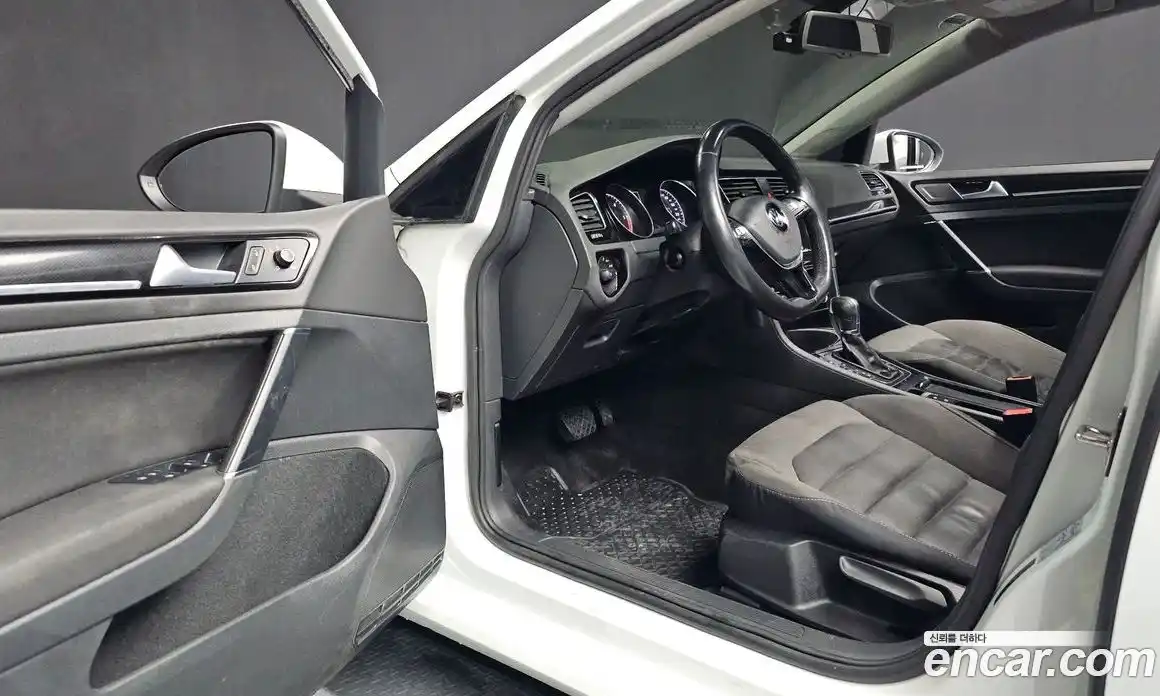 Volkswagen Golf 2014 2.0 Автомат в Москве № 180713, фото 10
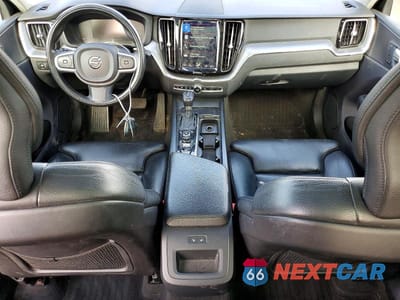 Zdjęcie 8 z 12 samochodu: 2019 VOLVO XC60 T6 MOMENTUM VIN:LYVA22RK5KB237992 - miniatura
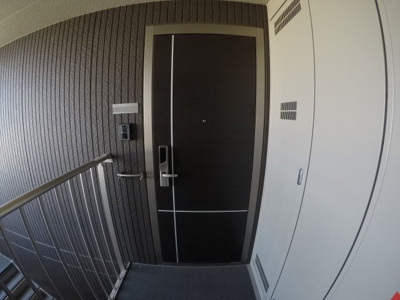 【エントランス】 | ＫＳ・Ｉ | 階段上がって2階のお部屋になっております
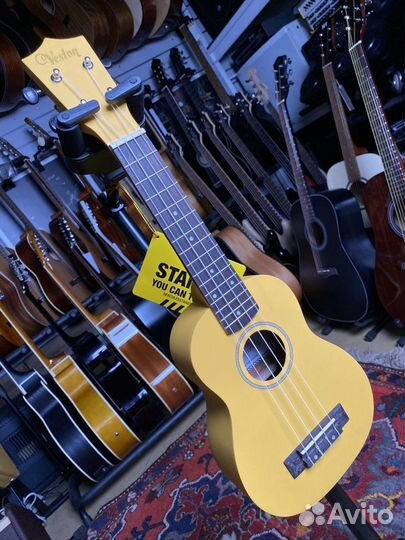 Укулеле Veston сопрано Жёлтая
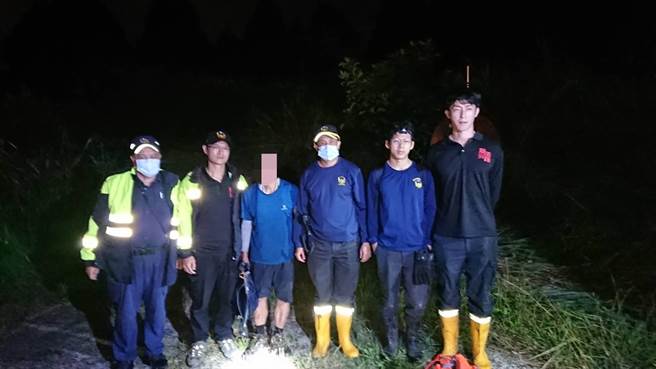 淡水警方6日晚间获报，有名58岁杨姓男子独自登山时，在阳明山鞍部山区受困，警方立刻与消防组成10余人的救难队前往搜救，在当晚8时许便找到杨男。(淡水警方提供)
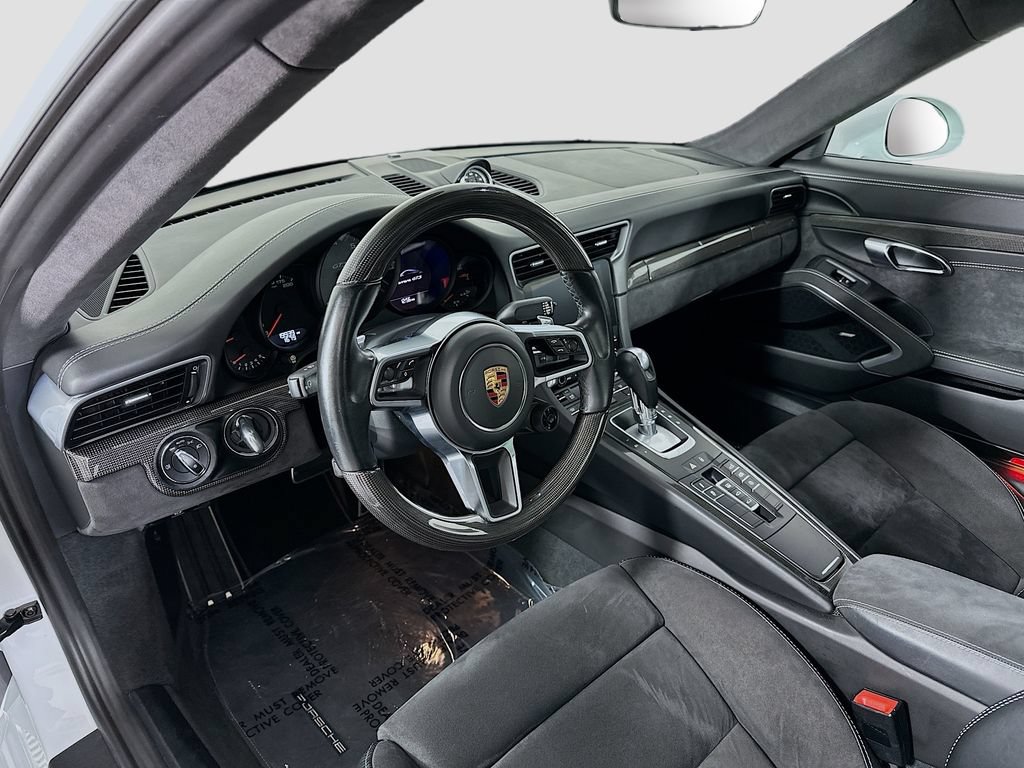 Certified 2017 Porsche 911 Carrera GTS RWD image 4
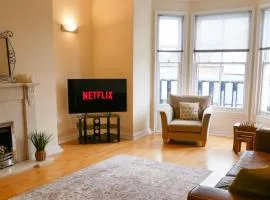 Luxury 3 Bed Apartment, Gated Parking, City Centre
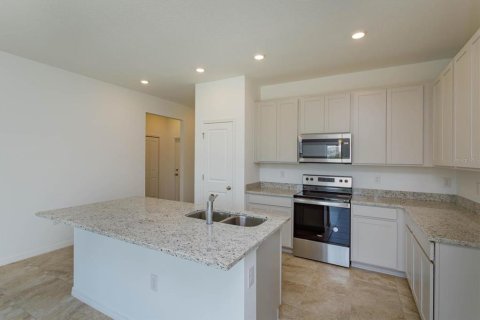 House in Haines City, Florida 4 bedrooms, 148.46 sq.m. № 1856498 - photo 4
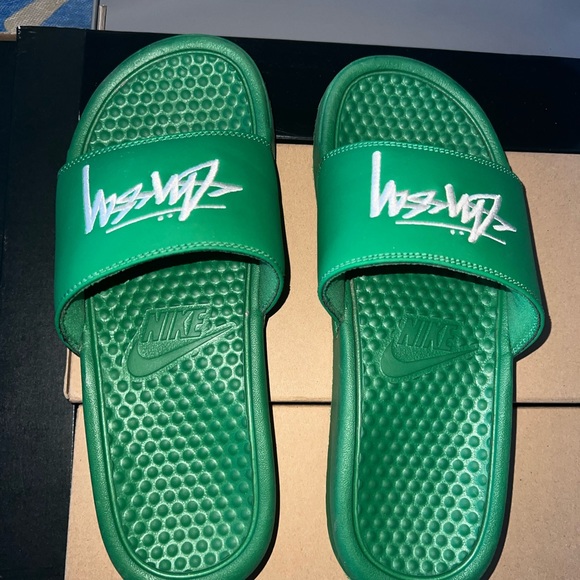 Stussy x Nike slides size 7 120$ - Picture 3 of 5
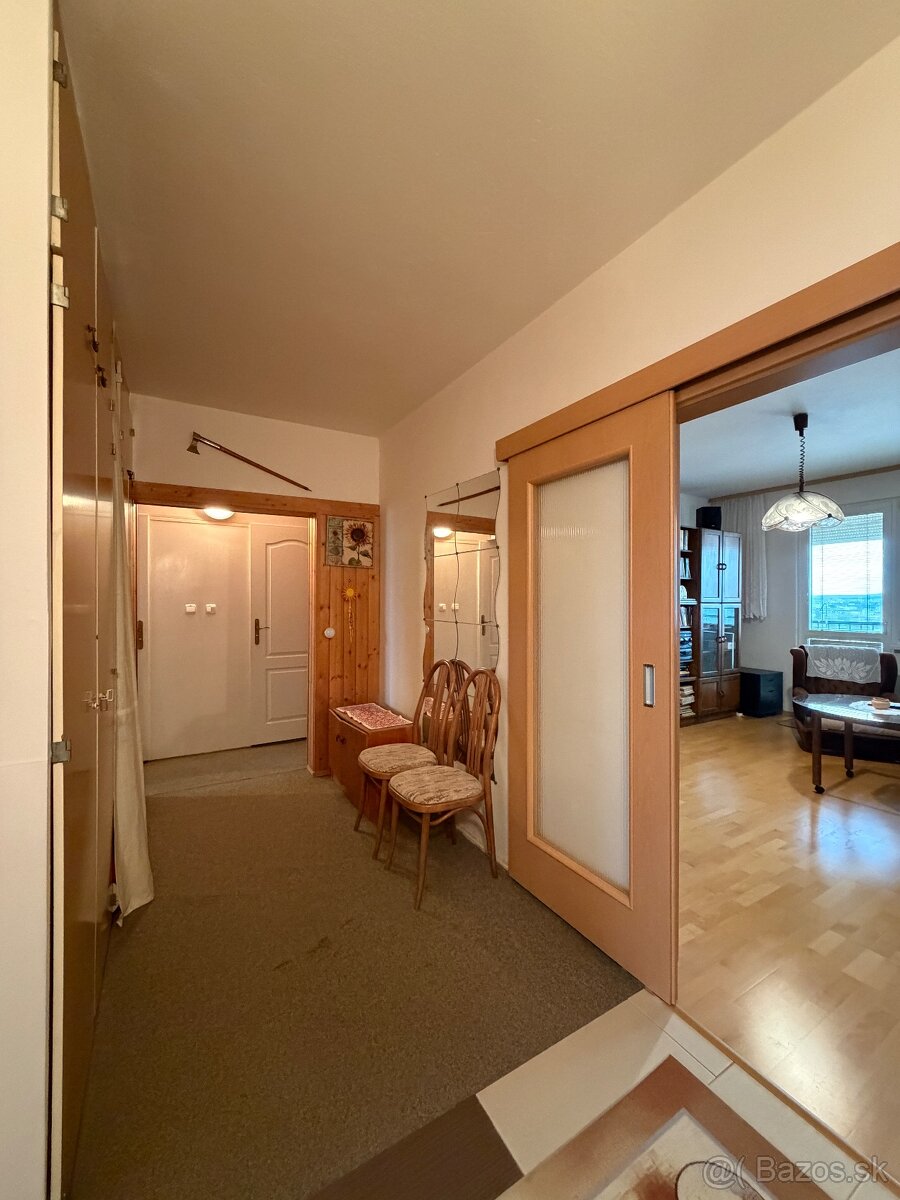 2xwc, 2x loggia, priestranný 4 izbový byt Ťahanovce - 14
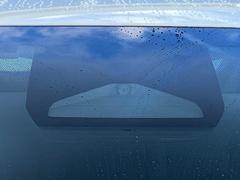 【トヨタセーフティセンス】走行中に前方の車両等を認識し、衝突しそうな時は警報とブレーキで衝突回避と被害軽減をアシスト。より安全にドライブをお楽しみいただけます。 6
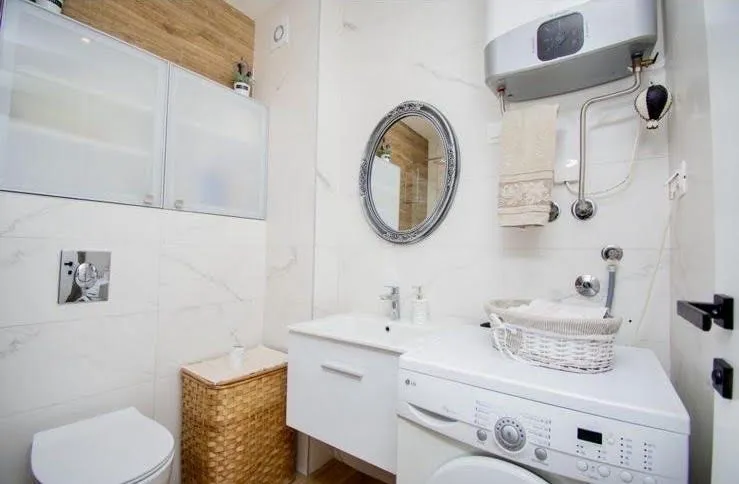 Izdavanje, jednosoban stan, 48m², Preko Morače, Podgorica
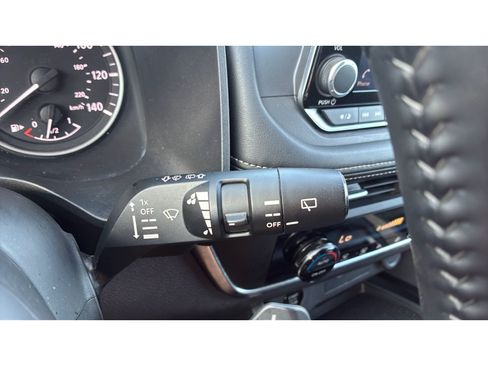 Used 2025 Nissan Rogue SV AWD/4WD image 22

-------------------------

§ **WHAT IS REQUIRED**
Apart from the pictures, every record must be set down exactly.

§ **WRITTEN SOLUTION**
 Volkswagen Golf 2014 2.0 Автомат в Москве № 180713, фото 10
 Zdjęcie 8 z 12 samochodu: 2019 VOLVO XC60 T6 MOMENTUM VIN:LYVA22RK5KB237992 - miniatura
 【エントランス】 | ＫＳ・Ｉ | 階段上がって2階のお部屋になっております
 Укулеле Veston сопрано Жёлтая
 淡水警方6日晚间获报，有名58岁杨姓男子独自登山时，在阳明山鞍部山区受困，警方立刻与消防组成10余人的救难队前往搜救，在当晚8时许便找到杨男。(淡水警方提供)
 Certified 2017 Porsche 911 Carrera GTS RWD image 4
 Luxury 3 Bed Apartment, Gated Parking, City Centre
 House in Haines City, Florida 4 bedrooms, 148.46 sq.m. № 1856498 - photo 4
 Stussy x Nike slides size 7 120$ - Picture 3 of 5
 2xwc, 2x loggia, priestranný 4 izbový byt Ťahanovce - 14
 【トヨタセーフティセンス】走行中に前方の車両等を認識し、衝突しそうな時は警報とブレーキで衝突回避と被害軽減をアシスト。より安全にドライブをお楽しみいただけます。 6
 Izdavanje, jednosoban stan, 48m², Preko Morače, Podgorica
 Used 2025 Nissan Rogue SV AWD/4WD image 22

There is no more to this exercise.